All possible nodes are now pre-allocated at boot time by free_area_init()->
free_area_init_node(), and those which are to be hot-plugged are initialized
later on by hotadd_init_pgdat()->free_area_init_core_hotplug() when they
become online.

free_area_init_core_hotplug() calls pgdat_init_internals() and
zone_init_internals() to initialize some internal data structures
and zeroes a few pgdat fields.

But we do already call pgdat_init_internals() and zone_init_internals()
for all possible nodes back in free_area_init_core(), and pgdat fields
are already zeroed because the pre-allocation memsets with 0s the
structure, meaning we do not need to repeat the process when
the node becomes online.

So initialize it only once when booting, and make sure to reset
the fields we care about to 0 when the node goes empty.
The only thing we need to check for is to allocate per_cpu_nodestats
struct the very first time this node goes online.

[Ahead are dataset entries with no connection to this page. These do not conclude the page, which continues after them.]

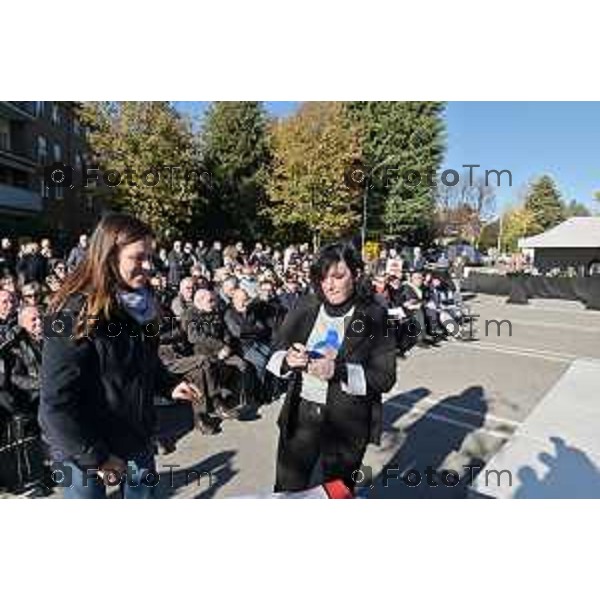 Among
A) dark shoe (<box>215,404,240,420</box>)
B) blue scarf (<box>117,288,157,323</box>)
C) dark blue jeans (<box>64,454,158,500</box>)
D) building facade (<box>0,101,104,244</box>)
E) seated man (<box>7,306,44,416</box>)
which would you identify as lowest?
dark shoe (<box>215,404,240,420</box>)

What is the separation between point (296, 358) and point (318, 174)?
3.31 meters

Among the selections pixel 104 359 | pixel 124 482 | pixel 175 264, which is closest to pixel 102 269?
pixel 104 359

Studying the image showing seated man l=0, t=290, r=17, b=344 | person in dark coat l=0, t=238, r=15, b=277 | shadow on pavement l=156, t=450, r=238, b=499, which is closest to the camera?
shadow on pavement l=156, t=450, r=238, b=499

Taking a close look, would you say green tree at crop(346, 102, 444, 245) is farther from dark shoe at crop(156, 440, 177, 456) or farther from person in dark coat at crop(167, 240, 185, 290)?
dark shoe at crop(156, 440, 177, 456)

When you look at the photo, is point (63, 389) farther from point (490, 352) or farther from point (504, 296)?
point (504, 296)

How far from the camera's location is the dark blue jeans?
285 centimetres

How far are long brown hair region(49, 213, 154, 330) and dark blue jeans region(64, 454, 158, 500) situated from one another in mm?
788

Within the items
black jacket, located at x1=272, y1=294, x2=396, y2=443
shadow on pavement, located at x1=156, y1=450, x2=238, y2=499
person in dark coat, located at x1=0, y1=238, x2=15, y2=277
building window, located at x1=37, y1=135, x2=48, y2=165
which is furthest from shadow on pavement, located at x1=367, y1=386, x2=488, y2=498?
building window, located at x1=37, y1=135, x2=48, y2=165

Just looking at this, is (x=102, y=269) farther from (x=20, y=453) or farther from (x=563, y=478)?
(x=563, y=478)

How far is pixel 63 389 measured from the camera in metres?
2.34

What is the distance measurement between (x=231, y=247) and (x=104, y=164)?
271 cm

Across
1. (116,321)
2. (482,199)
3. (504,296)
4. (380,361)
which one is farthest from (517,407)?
(504,296)

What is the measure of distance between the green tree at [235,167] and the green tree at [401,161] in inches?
40.6

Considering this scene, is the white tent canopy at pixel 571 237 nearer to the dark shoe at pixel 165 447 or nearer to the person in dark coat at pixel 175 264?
the person in dark coat at pixel 175 264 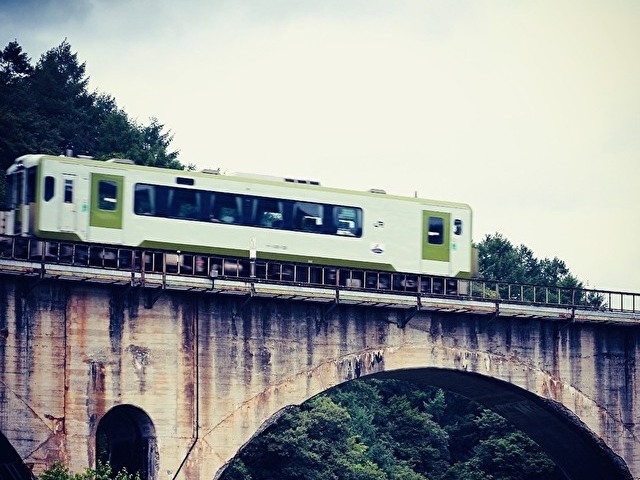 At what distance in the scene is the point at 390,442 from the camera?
355 ft

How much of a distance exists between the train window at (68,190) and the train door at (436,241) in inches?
651

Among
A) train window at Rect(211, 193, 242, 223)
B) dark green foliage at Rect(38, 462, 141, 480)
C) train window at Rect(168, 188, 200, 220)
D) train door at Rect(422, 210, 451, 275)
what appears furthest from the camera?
train door at Rect(422, 210, 451, 275)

node_reset_state() is the function in charge of resetting pgdat's fields,
and it is called when offline_pages() detects that the node becomes empty
worth of memory.

Signed-off-by: Oscar Salvador <osalvador@suse.de>
---
 include/linux/memory_hotplug.h |  2 +-
 mm/memory_hotplug.c            | 58 +++++++++++++++++++++-------------
 mm/page_alloc.c                | 49 +++++-----------------------
 3 files changed, 45 insertions(+), 64 deletions(-)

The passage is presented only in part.